Match #8: PWG World Tag Team Titles: Ladder Match: Player Uno and Stupefied © vs. Adam Cole and Kyle O’Reilly vs. Matt and Nick Jackson
The Young Bucks attack everyone before the opening bell. Uno knocks Nick off the apron and into the third row. Everyone starts brawling around ringside, with multiple chairs being used. O’Reilly back drops Matt onto a propped chair. Nick takes out Stupefied with a plancha. O’Reilly back drops Nick onto the apron. Uno just hurls a chair at Nick. Matt powerbombs O’Reilly from the apron into the second row. Cole brings a ladder into play. Stupefied lands a dive to the floor onto Nick. Cole powerbombs Matt onto the ladder. Uno dropkicks the ladder into Cole but O’Reilly returns the favor. In the ring, O’Reilly and Stupefied stop each other from climbing. Nick lands some insane dive to the floor. Matt powerbombs Uno and hits a ladder-assisted sliced bread. Cole enzuigiris both Young Bucks. He german suplexes Nick into a propped ladder. The Super Smash Brothers stop Future Shock from climbing the ladder with chair shots. Uno suplexes Cole onto the ladder and then poses with Stupefied. The SSB hit a double stomp-side slam combination on O’Reilly onto the edge of two chairs. The Young Bucks take over with a series of clotheslines. Nick airplane spins with the ladder. He purposely levels Rick Knox with the ladder. The SSB hit an alabama slam-backcracker combination on Matt. Knox is carried to the back, bleeding from his head. O’Reilly hits a saito suplex on Stupefied but gets taken out by stereo superkicks from the Young Bucks. They hit a tandem tombstone on Cole. Uno sets up a table at ringside. Cole brainbusters Uno through a propped chair. Stupefied pele kicks Future Shock from the rungs of the ladder. Nick hits Stupefied with a sledgehammer. Future Shock superplex Nick from a ladder through a table. The SSB sandwich Cole in a ladder and suplex O’Reilly into him. Matt DDTs O’Reilly onto the apron and Nick splashes him through the table at ringside. The Young Bucks take out Uno and Cole with superkicks. They start climbing but Rick Knox pushes over the ladder! Knox stops the SSB from diving and TAKES OUT THE YOUNG BUCKS WITH A DIVE! The SSB retrieve the belts and retain their titles at 23:55.
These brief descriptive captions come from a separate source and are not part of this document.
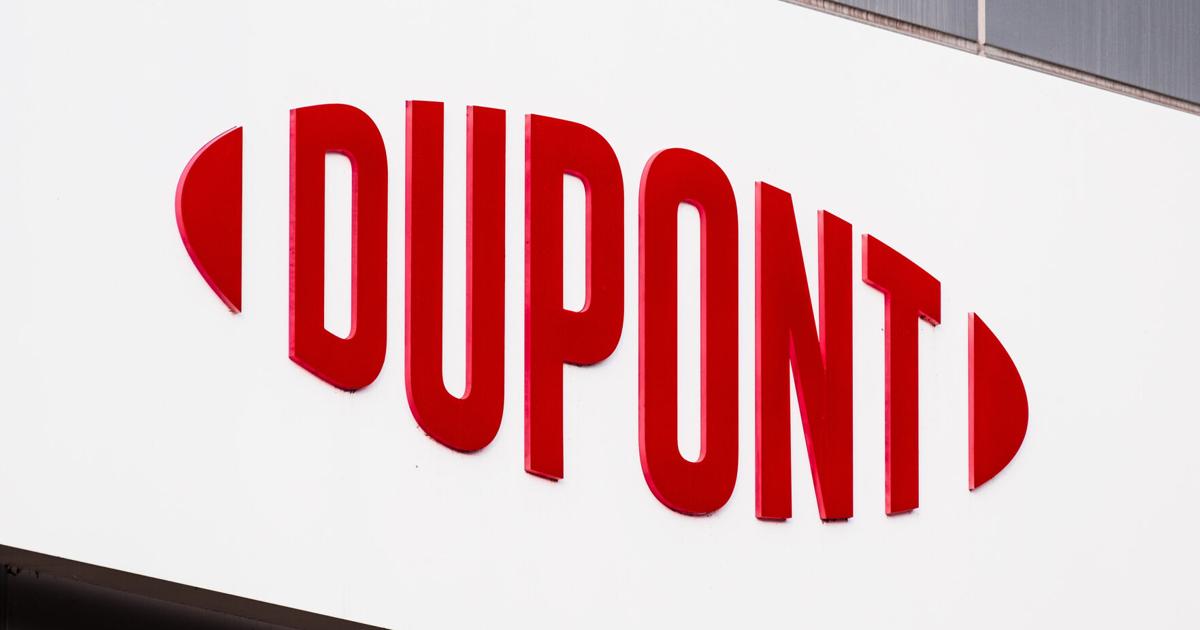 DuPont to split into 3 companies [Video]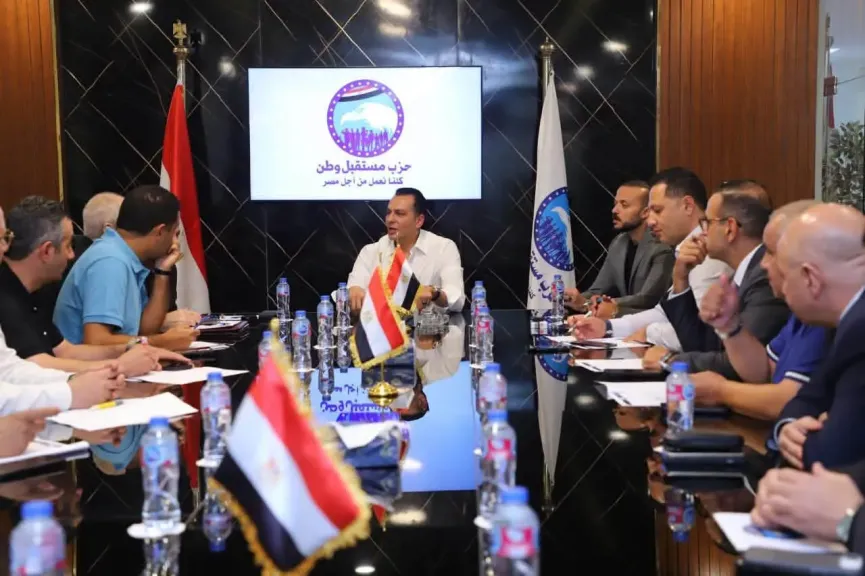 مستقبل وطن يتحرك على الأرض.. تطوير المدارس ومبادرات كبرى لدعم المواطنين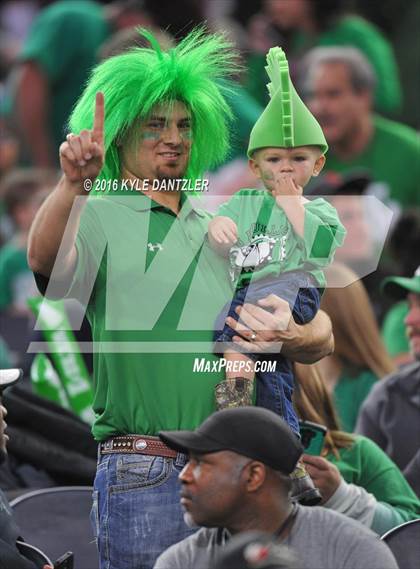 Thumbnail 1 in Gunter vs. Boling (UIL 3A Division 2 Final)  photogallery.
Over their nine years of existence, PWG has garnered quite the reputation, particularly for the fun environment that they’re able to create at every show due to a crowd that has no problem investing themselves in the action because the match quality is so good. This main event perfectly encapsulated the previous statement. In a time where ladder matches happen quite a bit, it’s difficult to “reinvent the wheel” every time. However, I witnessed spots in this match that I’ve legitimately never seen before. Honestly, this stuff has to be seen to be believed. Sure, we can point out some moments of miscommunication and there were times when teams didn’t go for the belts when they had the chance, but I think you can discount those criticisms when looking at this match as an overall package. Finally, the Rick Knox involvement could not have been more epic. Unless you’re totally put-off by weapons, this is required viewing and my PWG match of the year thus far. ****½

The 411: Recent PWG anniversary shows have been stellar, and Threemendous III is no different. Saying that “five out of the eight matches cracked three stars” would be completely misleading here. Those five matches all delivered in a huge way, especially the two title matches. In fact, I think it’s safe to call the main event one of the best matches of the year from any promotion. Additionally, those five matches all brought something different to the table. Threemendous III wraps everything that there is to love about PWG into one package and the show earns a high recommendation.